Posted by: westlancashirerecord | April 16, 2018

In The Local Election Blue And Red Corners

Election glossies are appearing thick and fast, and while the Reds are basking in their successful defence of the developers’ “great Parrs Lane grab” , the Blues are depending on a policy that accuses the Reds of a “great greenbelt grab” ,

These glossies follow the meeting in Aughton last week when Labour Cllr John Hodson described some details of the Parrs Lane appeal and the upcoming new Local Plan to 64 locals who attended. Questions were put to him about whether or not the current Plan stands until 2027 or is likely to be replaced by a 30 year plan from 2020 to 2050.

Plan B trigger points were mentioned, and naturally enough the question of safeguarded land in Aughton was of interest. Cllr Hodson referred to the WLBC Cabinet Local Plan working group. He spoke about duty to cooperate with other local authorities. The duty to cooperate is a legal test that requires cooperation between local planning authorities and other public bodies to maximise the effectiveness of policies for strategic matters in Local Plans. It is separate from but related to the Local Plan test of soundness.

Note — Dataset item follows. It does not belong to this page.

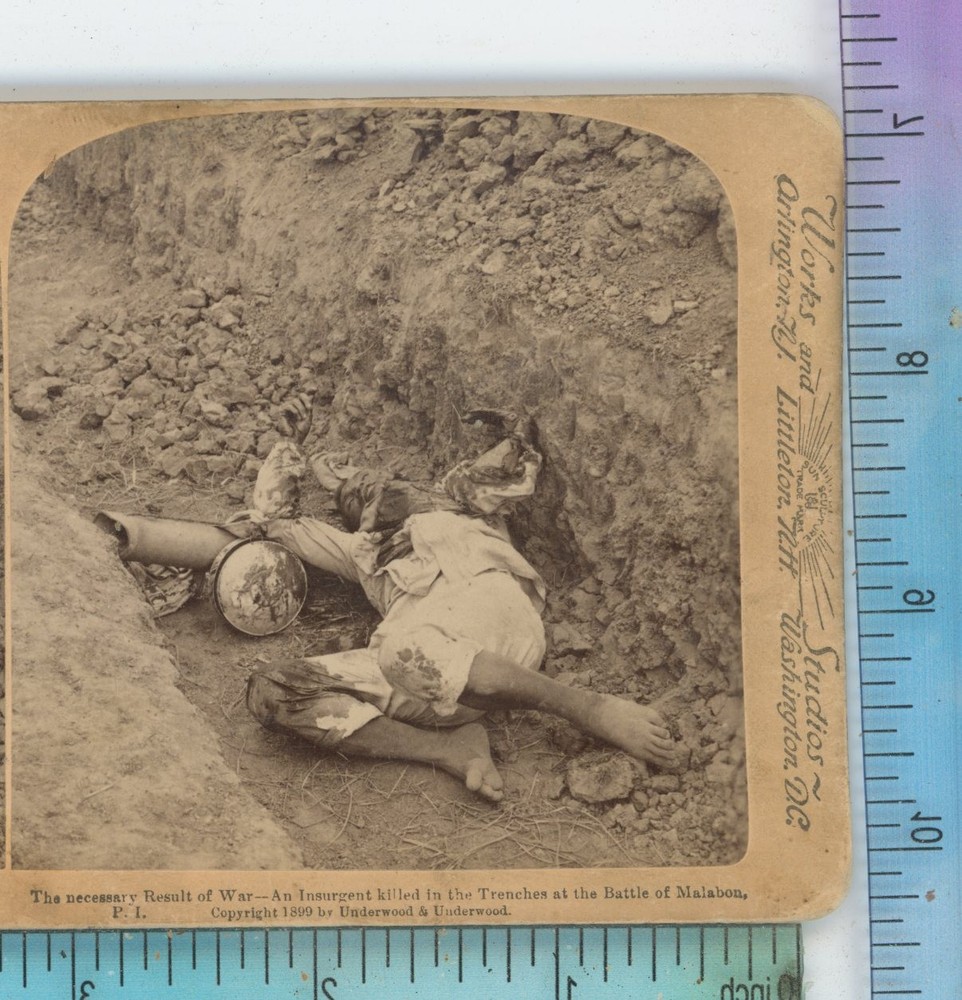 Insurgent Killed Battle of Malabon Philippines Underwood Stereoview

It places a legal duty on local planning authorities, county councils in England and public bodies to engage constructively, actively and on an ongoing basis to maximise the effectiveness of Local and Marine Plan preparation in the context of strategic cross boundary matters.

The duty to cooperate is not a duty to agree. But local planning authorities should make every effort to secure the necessary cooperation on strategic cross boundary matters before they submit their Local Plans for examination.

Local planning authorities must demonstrate how they have complied with the duty at the independent examination of their Local Plans. If a local planning authority cannot demonstrate that it has complied with the duty then the Local Plan will not be able to proceed further in examination.

Local planning authorities will need to satisfy themselves about whether they have complied with the duty. As part of their consideration, local planning authorities will need to bear in mind that the cooperation should produce effective and deliverable policies on strategic cross boundary matters.